Arijit Sengupta: I was class of 1999, so 1995 to 1999. I went back and checked my passport. I had $240. Of which, I had spent $40 in Singapore. I ended up in the US with $200. I had done a bunch of AI and programming contests in India. I was a geek coming in.
Sramana Mitra: You were exposed to AI at the high-school level?
Arijit Sengupta: Yes, because I just read books. Edward Feigenbaum had written a book called The Fifth Generation.
Sramana Mitra: All I was checking is, there was nothing more than that. Stanford was your first exposure to AI.
Arijit Sengupta: There was a programming contest that they used to have from the science museum community. I was state champion for three to four years. I was national champion a couple of times. Expert systems were very popular at that time.
This was still the time when we were at the end of the expert system hype. I found AI so intriguing because of Asimov’s books to a great extent. I got into so much of robotics because of Asimov. People don’t realize how much of AI is not that complex. You’re basically trying to extrapolate from data. You fall into the same kind of craft in AI that you would fall into any extrapolation from data.
It was a good experience because the professors at Stanford didn’t hype it. Feigenbaum was still at Stanford. In our classes, nobody ever hyped AI. I got a really education out of that.
Sramana Mitra: What happened in 1999? What did you do when you graduated?
Arijit Sengupta: I wanted to go work for Google. Marissa Mayer was my AI TA for one of my classes and she was my debate team captain. I had to get a green card, so I ended up in Oracle instead.
I was at Oracle for almost four years. From there, I went to Harvard Business School. I did a bunch of standards body work.
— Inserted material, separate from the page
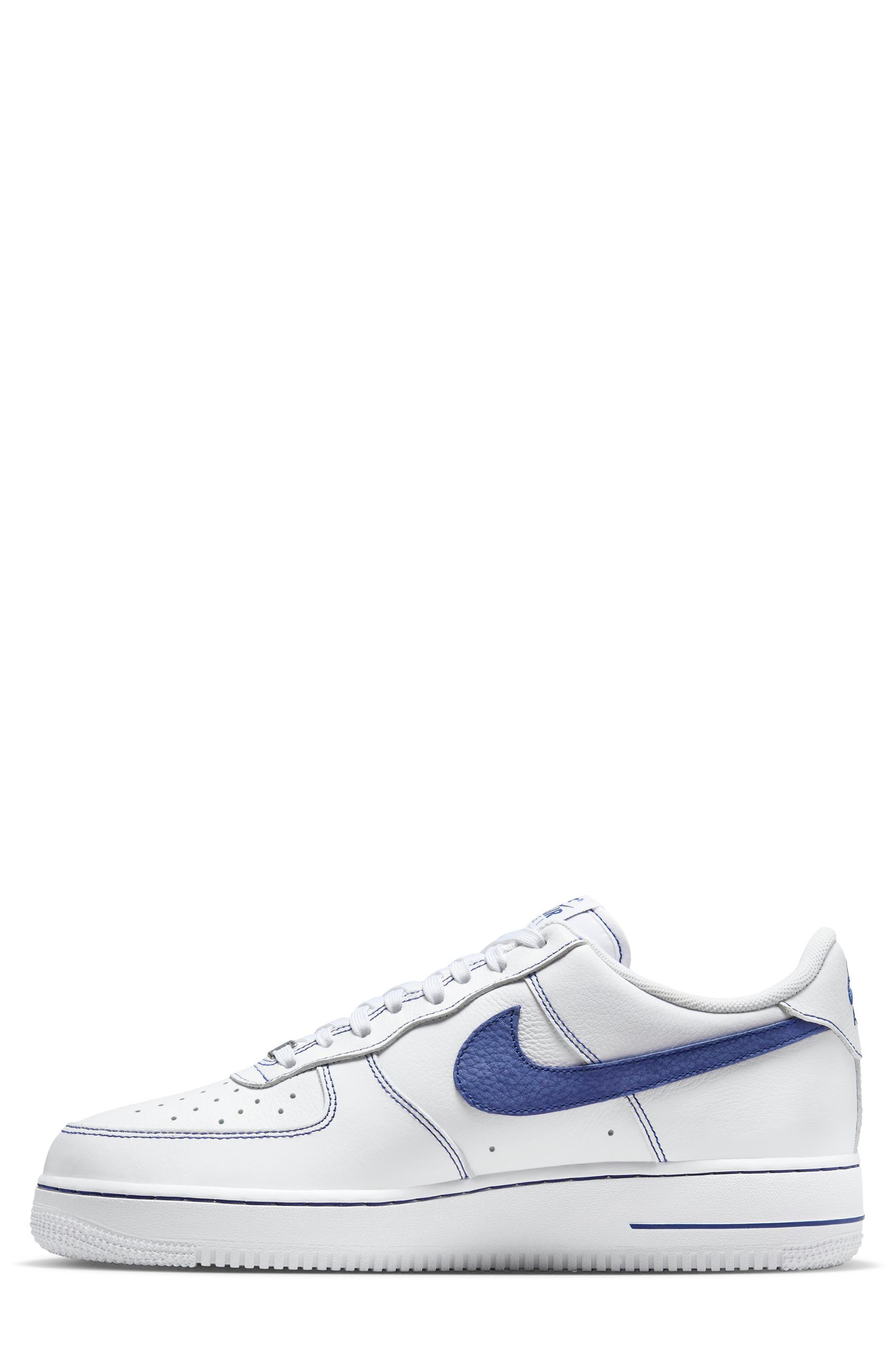 Nike Air Force 1 '07 LV8 Sneaker in White/Deep Royal Blue at Nordstrom - 6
I was on the technical committee for the UNC. I would be in these meetings and I had no idea what EBITDA meant. I didn’t know any of the business metrics.
I went to Harvard Business School to get my MBA. There, I met Clay Christensen who taught this class, “Building a Sustainably Successful Enterprise.” I went to him and said, “Will you be my professor for the Harvard Business Plan contest?” He agreed to be my faculty sponsor and I ended up doing a lot of research which led to my first company called BeyondCore.
Sramana Mitra: What year was that?
Arijit Sengupta: It was officially founded in 2003 but I ended up doing a lot of research on it for a while. Seven years later, Menlo Ventures funded us.